FeatHub can use OverWindowTransform
and SlidingWindowTransform
to describe
how to derive a feature value by applying FeatHub expression and aggregation
function on multiple rows. In the following, we provide example usages of these
window transforms and the supported built-in aggregation functions.
OverWindowTransform
derives a feature value by applying FeatHub expression and
aggregation function on multiple rows of a table at a time.
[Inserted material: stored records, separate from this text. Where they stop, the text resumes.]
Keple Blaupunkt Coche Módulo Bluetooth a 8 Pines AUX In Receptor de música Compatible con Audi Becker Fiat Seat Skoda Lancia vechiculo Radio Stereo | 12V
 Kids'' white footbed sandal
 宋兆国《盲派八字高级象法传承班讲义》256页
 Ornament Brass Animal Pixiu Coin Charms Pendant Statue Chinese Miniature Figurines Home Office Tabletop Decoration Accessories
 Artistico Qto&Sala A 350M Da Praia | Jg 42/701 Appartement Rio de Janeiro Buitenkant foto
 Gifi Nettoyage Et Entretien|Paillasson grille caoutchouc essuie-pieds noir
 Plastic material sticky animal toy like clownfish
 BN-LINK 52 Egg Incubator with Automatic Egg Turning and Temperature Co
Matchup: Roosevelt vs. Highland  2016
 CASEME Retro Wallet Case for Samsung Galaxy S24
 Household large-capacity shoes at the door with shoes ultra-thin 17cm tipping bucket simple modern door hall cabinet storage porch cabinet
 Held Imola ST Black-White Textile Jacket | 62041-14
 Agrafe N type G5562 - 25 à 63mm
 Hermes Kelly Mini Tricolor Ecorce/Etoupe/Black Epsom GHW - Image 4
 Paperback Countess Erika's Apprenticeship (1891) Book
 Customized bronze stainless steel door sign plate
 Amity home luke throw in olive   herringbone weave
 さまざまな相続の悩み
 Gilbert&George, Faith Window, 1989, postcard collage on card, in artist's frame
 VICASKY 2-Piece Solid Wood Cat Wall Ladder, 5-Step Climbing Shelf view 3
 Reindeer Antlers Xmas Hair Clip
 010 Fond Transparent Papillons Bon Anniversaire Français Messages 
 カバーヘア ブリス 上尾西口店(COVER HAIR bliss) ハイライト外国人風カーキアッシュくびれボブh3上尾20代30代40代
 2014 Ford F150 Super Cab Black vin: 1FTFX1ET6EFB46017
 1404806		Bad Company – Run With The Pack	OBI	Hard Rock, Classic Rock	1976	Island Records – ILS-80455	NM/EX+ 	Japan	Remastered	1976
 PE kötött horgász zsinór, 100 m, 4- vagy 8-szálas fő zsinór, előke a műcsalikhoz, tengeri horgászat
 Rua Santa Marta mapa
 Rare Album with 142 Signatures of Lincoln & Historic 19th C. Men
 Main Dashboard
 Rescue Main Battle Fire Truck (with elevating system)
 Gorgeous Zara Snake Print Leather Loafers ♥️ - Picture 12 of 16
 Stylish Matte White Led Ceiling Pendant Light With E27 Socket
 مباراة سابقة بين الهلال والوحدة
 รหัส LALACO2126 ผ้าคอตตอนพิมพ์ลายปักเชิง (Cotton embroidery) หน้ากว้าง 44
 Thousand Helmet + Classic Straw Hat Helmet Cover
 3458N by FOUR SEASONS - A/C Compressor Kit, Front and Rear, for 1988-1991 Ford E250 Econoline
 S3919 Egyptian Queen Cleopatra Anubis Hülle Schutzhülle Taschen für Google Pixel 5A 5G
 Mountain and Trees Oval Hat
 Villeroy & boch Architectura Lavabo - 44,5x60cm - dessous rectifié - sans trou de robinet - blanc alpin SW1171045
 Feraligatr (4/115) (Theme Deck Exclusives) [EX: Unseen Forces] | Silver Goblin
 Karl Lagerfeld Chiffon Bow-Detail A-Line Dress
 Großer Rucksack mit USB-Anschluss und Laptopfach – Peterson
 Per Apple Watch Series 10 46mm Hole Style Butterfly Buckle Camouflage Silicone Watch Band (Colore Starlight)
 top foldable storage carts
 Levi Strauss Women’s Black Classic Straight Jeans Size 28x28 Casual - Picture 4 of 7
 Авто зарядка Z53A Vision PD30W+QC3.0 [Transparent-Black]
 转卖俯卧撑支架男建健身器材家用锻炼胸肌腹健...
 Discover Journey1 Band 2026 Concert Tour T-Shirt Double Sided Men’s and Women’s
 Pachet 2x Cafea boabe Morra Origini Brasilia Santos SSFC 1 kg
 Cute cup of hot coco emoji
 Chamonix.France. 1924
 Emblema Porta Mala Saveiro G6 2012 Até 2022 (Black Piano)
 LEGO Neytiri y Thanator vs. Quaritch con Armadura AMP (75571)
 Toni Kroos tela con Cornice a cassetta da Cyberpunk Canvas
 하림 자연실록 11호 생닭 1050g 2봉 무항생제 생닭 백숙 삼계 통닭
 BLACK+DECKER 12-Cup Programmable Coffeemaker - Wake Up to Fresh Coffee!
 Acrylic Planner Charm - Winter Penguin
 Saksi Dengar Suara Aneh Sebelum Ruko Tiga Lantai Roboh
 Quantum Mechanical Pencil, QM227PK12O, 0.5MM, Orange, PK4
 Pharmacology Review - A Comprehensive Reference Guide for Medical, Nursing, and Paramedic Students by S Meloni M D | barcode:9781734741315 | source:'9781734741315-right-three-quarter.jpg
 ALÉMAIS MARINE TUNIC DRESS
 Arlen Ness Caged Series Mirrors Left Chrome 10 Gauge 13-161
It can be used in
DerivedFeatureView
.
Below is an example usage of OverWindowTransform
.
f_total_cost = Feature(
name="total_cost",
transform=OverWindowTransform(
expr="cost",
agg_func="SUM",
group_by_keys=["name"],
window_size=timedelta(days=2),
),
)
features = DerivedFeatureView(
name="feature_view",
source=source,
features=[
f_total_cost,
],
keep_source_fields=False,
)
SlidingWindowTransform
derives a feature value by applying FeatHub expression
and aggregation function on multiple rows in a sliding window. It can be used in
SlidingFeatureView
.
Below is an example usage of SlidingWindowTransform
.
f_total_cost = Feature(
name="total_cost",
transform=SlidingWindowTransform(
expr="cost",
agg_func="SUM",
window_size=timedelta(days=3),
group_by_keys=["name"],
limit=2,
step_size=timedelta(days=1),
),
)
features = SlidingFeatureView(
name="features",
source=source,
features=[f_total_cost],
)
The following built-in aggregation functions are supported by the window transforms described above.
Function | Description |
---|---|
AVG | Returns the average (arithmetic mean) of input values. |
SUM | Returns the sum of input values. |
MAX | Returns the maximum value of input values. |
MIN | Returns the minimum value of input values. |
FIRST_VALUE | Returns the first value in the ordered list of input values. |
LAST_VALUE | Returns the last value in the ordered list of input values. |
ROW_NUMBER | Assigns a unique, sequential number to each value in the ordered list of input values, starting with one. |
COUNT | Returns the number of input values. |
VALUE_COUNTS | Returns a map that maps each value to the number of occurrences of this value in the input values. |
COLLECT_LIST | returns a list that contains the ordered list of input values. |